Nas redes sociais, Marina e parentes defendem que as crianças sejam ouvidas no processo. Ela reivindica a aplicação da convenção de Haia e afirma que tratados internacionais recomendam que a opinião das crianças seja considerada em casos como o dela.
“A única coisa que queremos é que os Direitos da Criança e do Adolescente protegidos pela ONU, que dizem que crianças menores de 12 anos não devem ser separadas da mãe salvo se ela representar um risco, não sejam esquecidos. Que a Convenção de Haia não seja atropelada e que a opinião e relato das crianças sejam ouvidos e tomados em consideração. Não queremos nada mais do que a aplicação das leis e a da justiça. E eu quero que meu direito à maternidade seja respeitado e protegido.”
Os problemas de Marina começaram em 2016, quando decidiu de separar do marido após ser vitima de violência doméstica. Ela conta que sofria violência física e emocional 24 horas por dia. “Ele me sufocou com as mãos e arremessou minha cabeça contra a parede”, conta ela sobre uma das discussões que tiveram na frente dos filhos.
Marina diz que o ex-marido sequestrou os filhos no dia em que deveria acontecer a assinatura do divórcio. “Ele se aproveitou que eu estava trabalhando e sequestrou aos meus filhos. Vivíamos na cidade de Tijuana e ele levou as crianças para a casa dos pais, na Cidade do México, a quase 3 000 km de distância.”
Segundo ela, o pai e avó materna praticavam alienação parental, além de violência emocional. “Das poucas vezes que saíram para comer fora, meu filho pedia para ir a um restaurante que ele gostava, mas ela dizia que não, que precisavam ir a um mais barato já que tinha que sobrar dinheiro para comprar doces para o cachorro. Meu filho tem plena consciência de que o cachorro era mais importante que eles. Minha filha diz que o cachorro ia ao parque passear e eles não.”

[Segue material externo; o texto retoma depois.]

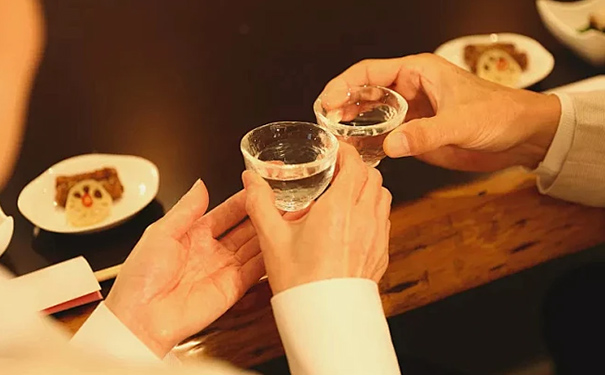 冬天适量饮用白酒有哪些好处（纯粮白酒）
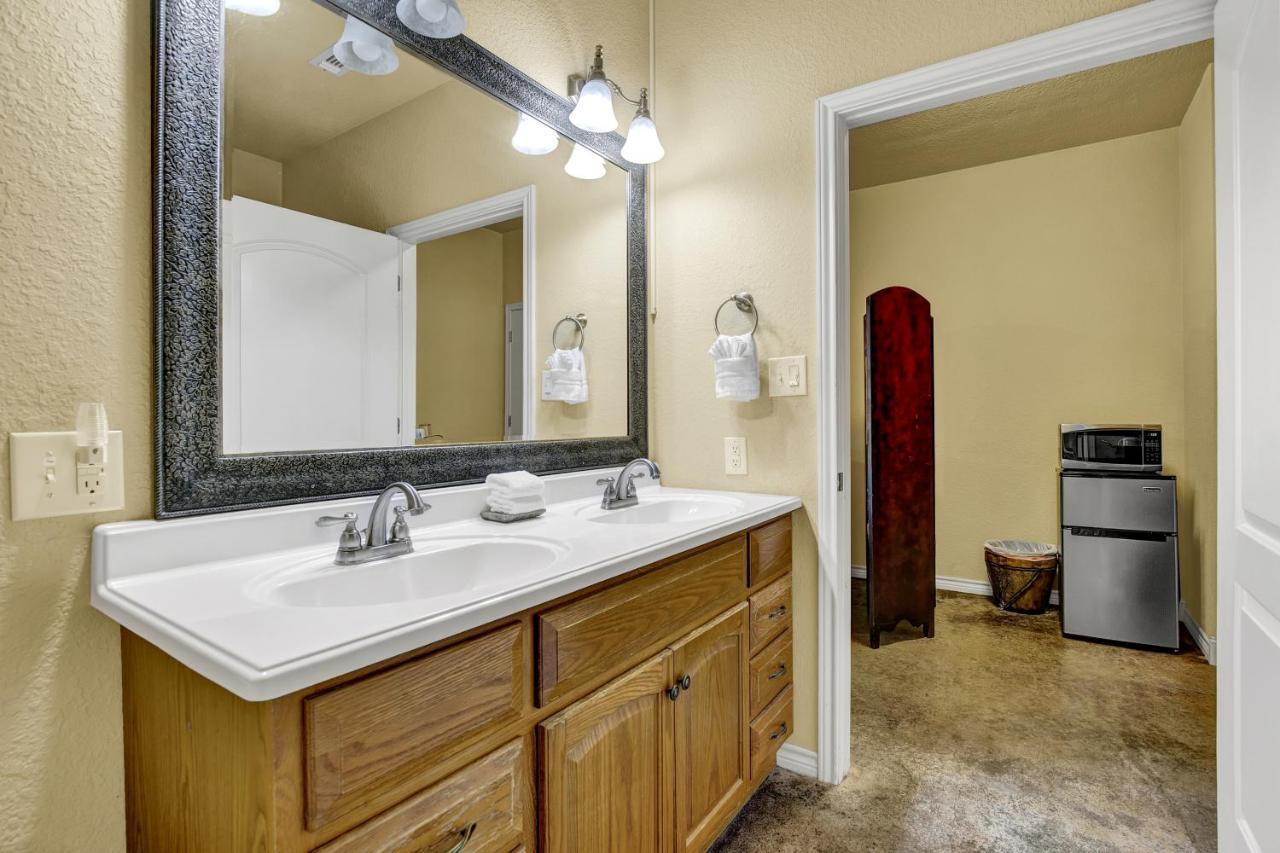 Romantic Oasis With Hot Tub Near Fred And Wineries! Fredericksburg Esterno foto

Marina diz que trabalhava no mercado financeiro antes da separação, mas precisou mudar de cidade para ter acesso aos filhos. Recentemente, estava vivendo de traduções. Desde a separação, ela chegou a ficar dez meses sem contato com as crianças. Em uma das audiências da época, foi determinado que ela poderia ter 2 horas de contato com os filhos a cada 15 dias e dentro de um correspondente local ao juizado de menores. Para poder ver as crianças, ela fez um acordo se comprometendo a não sair do México e reconhecendo que o ex tinha a guarda provisória dos filhos. Marina conta que ao saber dos maus-tratos que os filhos sofriam, entrou com um processo de modificação da guarda. Por meio dele, conseguiu uma liminar que lhe permitiu ficar um ano e meio com as crianças.
“Nesse ano e meio, o pai jamais foi até nossa casa visitar e somente ligou no Natal e aniversário do meu filho, mas eles não quiseram atender a ligação. As únicas vezes que tiveram contato foi porque queriam pedir seus brinquedos de volta, coisa que foi negada”, diz.
A Comissão de Direitos Humanos do Instituto dos Advogados de São Paulo fez um relatório no qual diz haver indícios de que Marina sofreu discriminação por ser brasileira. O relatório foi enviado para a Comissão Interamericana de Direitos Humanos e para a Secretaria Nacional de Direitos Humanos, com pedido de providências.
O Itamaraty informa que o caso de Marina “tem sido objeto da mais atenta atuação o Consulado-Geral do Brasil na Cidade do México, sempre nos limites da não intervenção nas decisões da justiça mexicana”. “Desde 2016, aquele consulado realizou reiterados apelos às instâncias envolvidas no processo e manteve contato frequente com a cidadã brasileira e seus familiares.”
A brasileira conta que as crianças gostariam de vir para o Brasil, mas que isso está fora de cogitação no momento. “Configuraria sequestro internacional, o que se complicaria a situação. Mas isso é o que eles mais querem.”